TASK INSTRUCTIONS: Would you please return the data below verbatim, without its pictures?

INPUT DATA:

+++

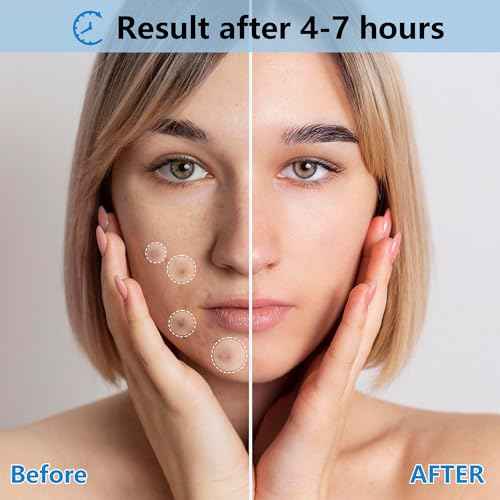 Invisible Pimple Patches for Face,Day and Night 4 Sizes 360 Counts Thin & Thick Hydrocolloid Acne Patches for Face and Skin, Zits Absorbing Patch, Covering Zits and Blemishes, Spot Stickers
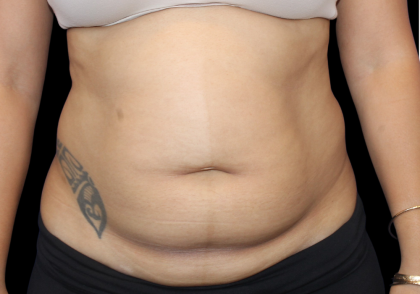 Liposuction Abdomen Before & After Patient #2802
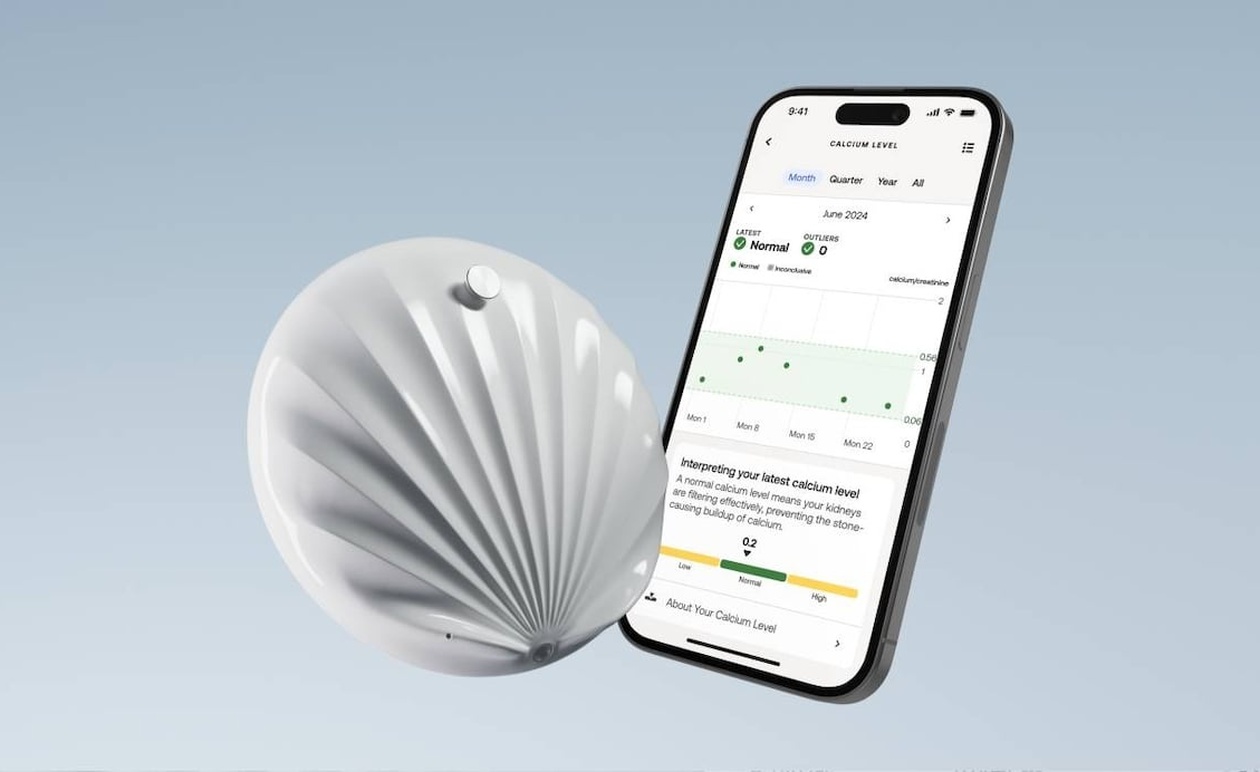 Το Withings U-Scan Nutrio φέρνει ανάλυση ούρων στο σπίτι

+++

RESPONSE TO THIS EXERCISE:
 Invisible Pimple Patches for Face,Day and Night 4 Sizes 360 Counts Thin & Thick Hydrocolloid Acne Patches for Face and Skin, Zits Absorbing Patch, Covering Zits and Blemishes, Spot Stickers
 Liposuction Abdomen Before & After Patient #2802
 Το Withings U-Scan Nutrio φέρνει ανάλυση ούρων στο σπίτι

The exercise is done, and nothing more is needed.